Ma alla sua apparizione i fuochi accesi per la divinità si spensero. Un prodigio che Sergio interpretò pubblicamente come il prevalere di Dio su ogni altra divinità. Affermazione che lo condannò al martirio.
San Sergio di Cesarea oggi, il Santo del giorno
San Sergio di Cesarea, prima di essere santificato era un uomo che visse tra il terzo e quarto secolo dopo Cristo, ovvero durante il periodo di massima espansione e dominio dell’Impero Romano.
Nato in una famiglia modesta, San Sergio ebbe l’opportunità di studiare le leggi del periodo e di distinguersi per il suo grande livello di cultura, il quale metteva in imbarazzo gli altri giovani studiosi.
Egli voleva infatti divenire un magistrato ed amministrare la legge nella giusta maniera: secondo lui infatti, le persecuzioni ed alcune decisioni, che vennero prese dai diversi governatori del periodo, erano tutt’altro che sagge.

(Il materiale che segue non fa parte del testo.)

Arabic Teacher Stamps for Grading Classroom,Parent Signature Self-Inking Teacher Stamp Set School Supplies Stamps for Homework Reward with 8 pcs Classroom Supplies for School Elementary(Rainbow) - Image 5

Per questo motivo, visto anche il suo impegno negli studi ed il suo modo di fare, San Sergio divenne uno dei magistrati maggiormente importanti durante il periodo dell’impero di Diocleziano.

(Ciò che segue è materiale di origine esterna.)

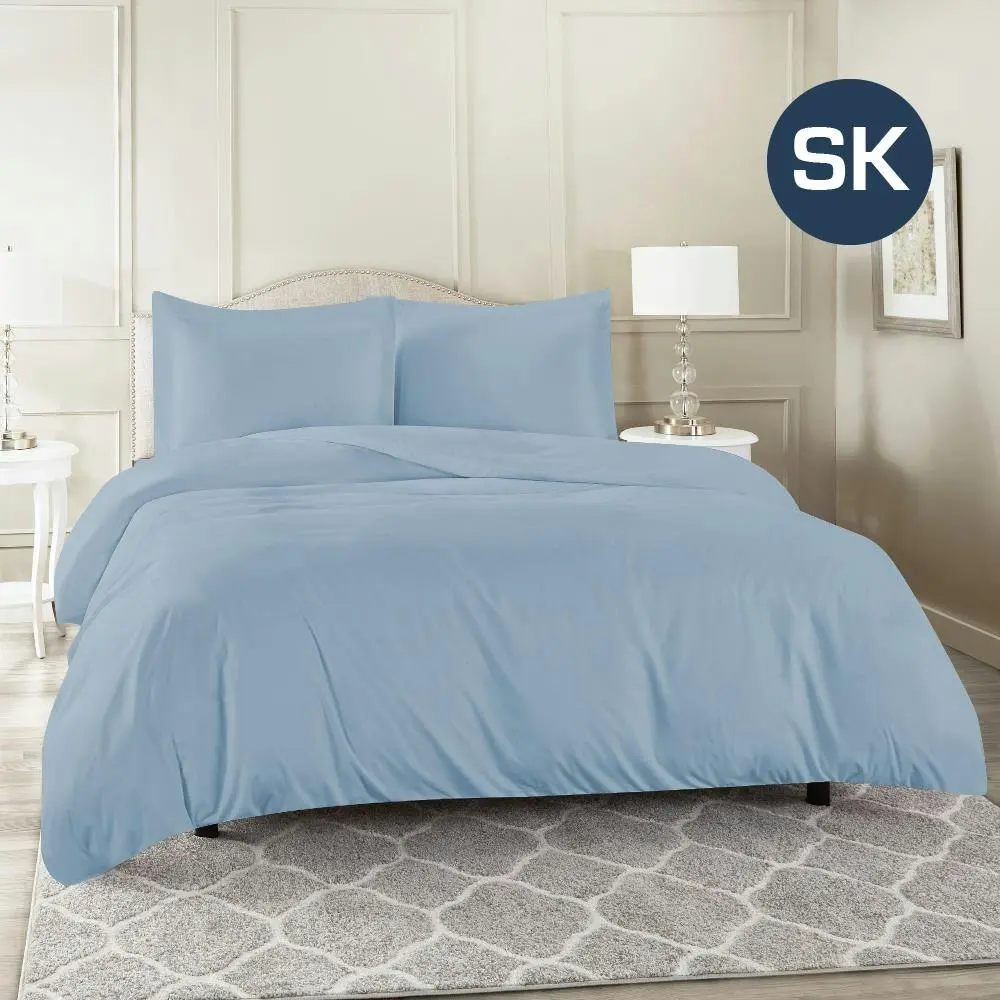 Super King Size Sky Color 1000TC 100% Cotton Quilt Doona Duvet Cover Pillowcase Set - Home & Garden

Egli però aveva anche maturato una profonda e chiara idea sulla religione: avere tante divinità non era saggio e soprattutto riteneva che, a governare la religione, fosse un solo Dio, ovvero il padre del Signore.
Questa sua teoria non veniva vista di buon occhio da parte degli altri magistrati, che iniziarono a vedere di cattivo occhio il modo di fare di San Sergio, etichettato come un cristiano rivoluzionario e fonte di futuri problemi.

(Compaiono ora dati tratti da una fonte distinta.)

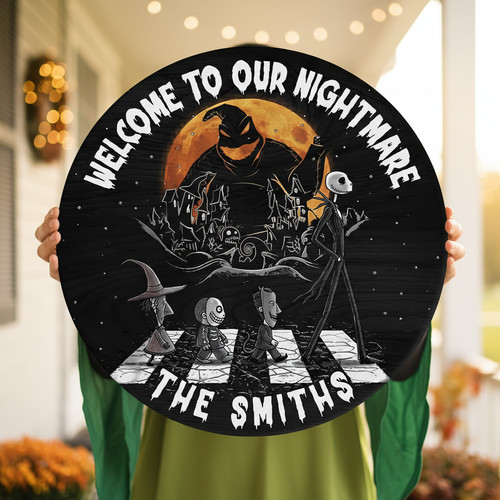 Spooky Nightmare Before Christmas Style Halloween Round Wood Sign - Personalize Wall Art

Essendoci delle persecuzioni nei confronti dei cristiani durante quel periodo, le quali potevano anche vedere protagoniste figure potenti come i magistrati, San Sergio decide di evitare di rischiare la vita e abbandonò il ruolo di magistrato.
Per sfuggire alle guardie, egli decise di ritirarsi nelle zone confinanti all’impero Romano, in quanto ciò che accadeva al di fuori delle mura imperiali non rientrava nelle competenze dell’imperatore e delle sue guardie.
Da questo momento in poi, di San Sergio di Cesarea si perdono completamente le tracce, ma vi sono alcune leggende che narrano che l’ex magistrato cercò di convertire la popolazione che viveva fuori dalle mura dell’impero, nelle zone appunto confinanti.
Riuscendo solo parzialmente nel suo intento, San Sergio decise di vivere una vita solitaria, eremitica, rimanendo isolato e dedicandosi interamente alla preghiera.
Il ritorno di San Sergio a Cesarea
Passarono gli anni e all’interno dell’impero Romano accadevano due fatti importanti:
- Il primo consisteva nel fatto che le persecuzioni, nei confronti dei cristiani, divennero maggiormente accese, mentre il secondo nel fatto che, le leggi in vigore, non subirono alcun tipo di cambiamento. San Sergio, che rimase in disparte per tanti anni, decise di tornare, nel territorio imperiale, durante la celebrazione del culto di Giove. Il governato dell’Armenia e della Cappadocia, ovvero Sapricio, era una delle figure maggiormente contraria alla diffusione del culto del cristianesimo e fece in modo che, coloro che si professarono cristiani, adorassero Giove.
- Secondo quanto venne raccontato, la presenza di San Sergio fece spegnere tutte le varie fiaccole in onore della divinità e questo fece adirare il governatore, che temeva che Giove fosse arrabbiato con loro. San Sergio cercò di spiegare che la divinità era una sola e che solo essa doveva essere adorata, ma le sue parole non vennero assolutamente ascoltate: Sapricio lo fece arrestare, martirizzare e giustiziare, dando esempio della punizione che veniva adottata nei confronti di coloro che professavano a gran voce il cristianesimo. La morte avvenne nel 303 dopo Cristo.
San Sergio non è il patrono di alcuna città italiana, visto che si prodigò poco per la diffusione del cristianesimo ed inoltre venne ucciso prima che potesse convertire un’intera città oppure compiere un atto per il quale potesse essere ricordato dalla popolazione di una città particolare.
Il ventiquattro febbraio egli viene ricordato in maniera semplice, stessa sorte che toccherà anche a Sant’Evezio, il quale venne martirizzato, in circostanze differenti ed in un’epoca simile, in un’altra città appartenente all’impero Romano.